An alternative formalization by Clark (1978) has to do with Prolog
programs. His assumption is that sufficient constraints on predicates
are also sufficient. This lacks generality; it only works for
universally quantified clauses; is sensitive to syntactic form.
CONSISTENCY-BASED APPROACHES: Interpret the absence of information
prohibiting A to mean that it can consistently be assumed.
Nonmonotonic Logic: McDermott and Doyle (1980). Uses a modal operator
M, with intended semantics MA meaning "A is consistent." Uses a
fixed-point operator to define the theorems of a theory A as the
intersection of all fixed points T for which
T = Th(A U {Mw | !w not in T}.
Neither the fixed points nor the theory is recursively enumerable. A
proof theory is only known for propositional logic.
Default Logic: Reiter (1980) treats default conditions as rules of
inference of the form a(x):b(x)/c(x), meaning "if a(x) is true, and b(x)

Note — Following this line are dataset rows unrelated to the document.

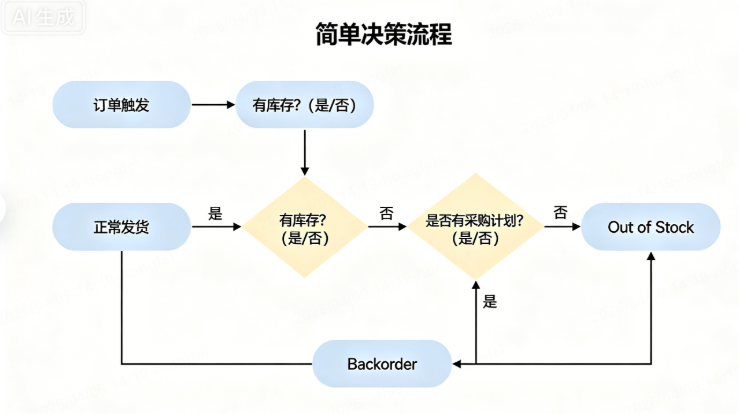 backorder vs out of stock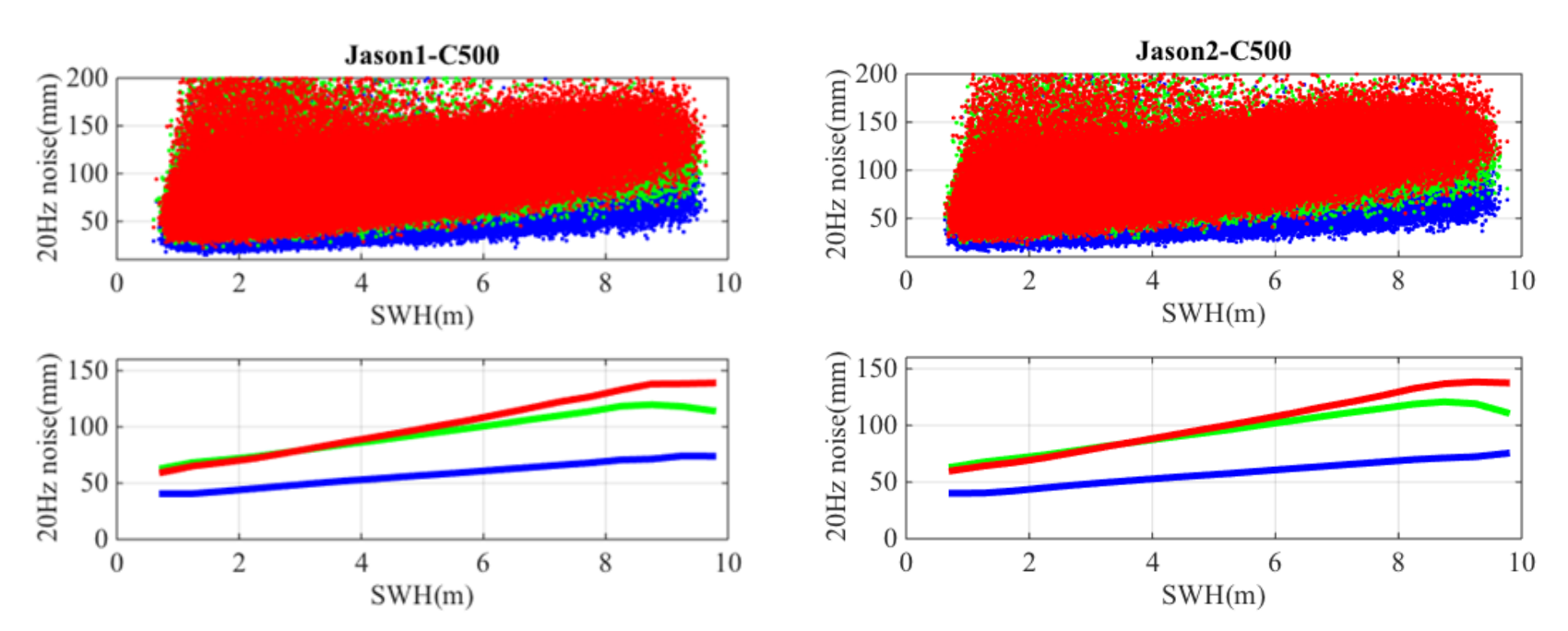 Remotesensing 13 00646 g0a1 Remotesensing 13 00646 g0a1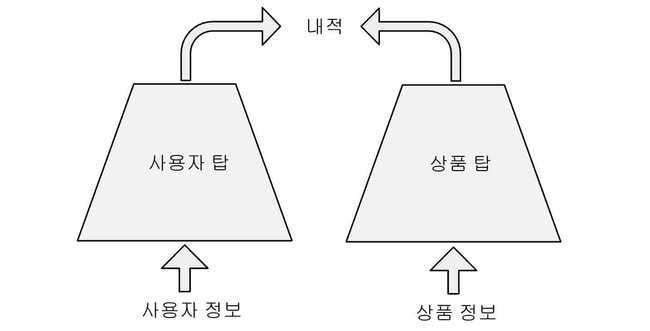 두개의 탑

is consistent, infer c(x)." Default rules generate extensions of the
theory, also using fixed-points. E is an extension of a default theory
(D, W) if E = G(E), where G(S) is the smallest set for which
1. W c G(S).
2. G(S) is closed under FOL consequence.
3. If a:b/c is a default rule of D and a is in G(S) and !b not in S,
then c in G(S).
Note that extensions are comparable to fixed-points T in nonmonotonic
logic, but Reiter's interpretation is that they are all possible belief
sets for an agent; he does not intersect them.
This logic has a proof theory when rules are normal, but the extensions
are not recursively enumerable, the semantics are unclear, and since
defaults are expressed as rules, they cannot be reasoned about.
MINIMAL MODEL APPROACHES: Theorems are sentences that are true in
distinguished models of the theory.
Circumscription: Don't get me started. Predicates P are circumscribed
with respect to other predicates using a second-order logic axiom, so
that any minimal theory is one in which the predicates P have the
narrowest possible definition.
Broadest formalism; has decision theories for versions with constraints.
EPISTEMIC APPROACHES: Use belief or knowledge to model nonmonotonic
reasoning.
Autoepistemic Logic: Based upon nonmonotonic logic, Moore (1984, 1985)
adds an additional modal operator B for belief. A set of formulae T is
defined as a stable expansion of a set A if
T = Th(A U {Bw | w in T} U {!Bw | w not in T}).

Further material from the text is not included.